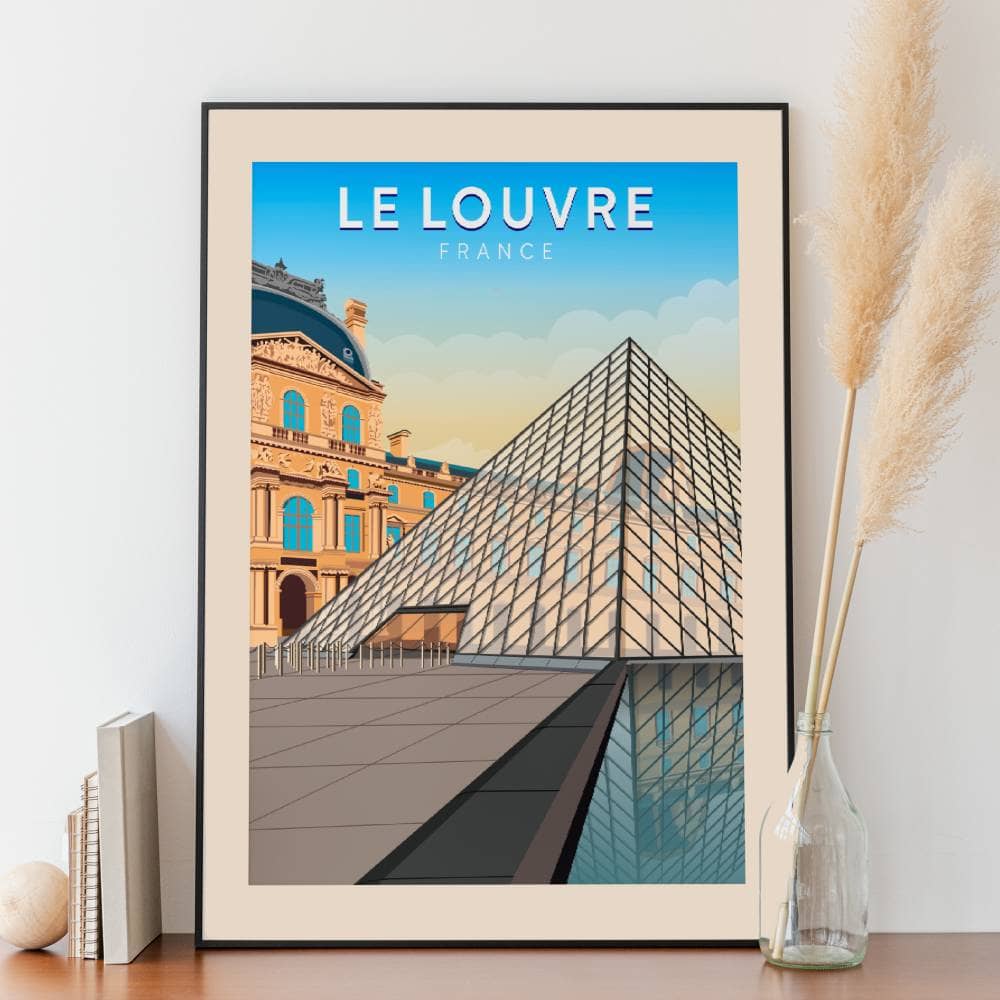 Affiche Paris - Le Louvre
|---|
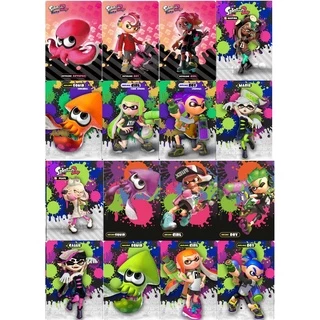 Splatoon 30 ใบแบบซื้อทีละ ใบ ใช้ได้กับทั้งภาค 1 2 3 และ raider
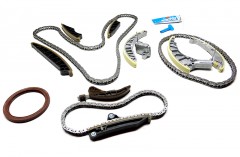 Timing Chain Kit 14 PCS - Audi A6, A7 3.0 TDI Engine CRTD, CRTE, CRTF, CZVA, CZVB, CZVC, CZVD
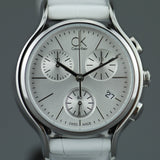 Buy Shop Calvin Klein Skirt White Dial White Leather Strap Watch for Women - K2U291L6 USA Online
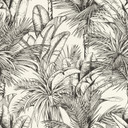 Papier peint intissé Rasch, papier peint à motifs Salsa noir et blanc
|---|
- **Exercise instructions**:
In the records above, everything from the line with "Splatoon 30 ใบแบบซื้อทีละ" down to the line with "Papier peint intissé" is to be set down exactly, both ends included, with no pictures and no other lines.

- **Exercise answer**:
 Splatoon 30 ใบแบบซื้อทีละ ใบ ใช้ได้กับทั้งภาค 1 2 3 และ raider
 Timing Chain Kit 14 PCS - Audi A6, A7 3.0 TDI Engine CRTD, CRTE, CRTF, CZVA, CZVB, CZVC, CZVD
 Buy Shop Calvin Klein Skirt White Dial White Leather Strap Watch for Women - K2U291L6 USA Online
 Papier peint intissé Rasch, papier peint à motifs Salsa noir et blanc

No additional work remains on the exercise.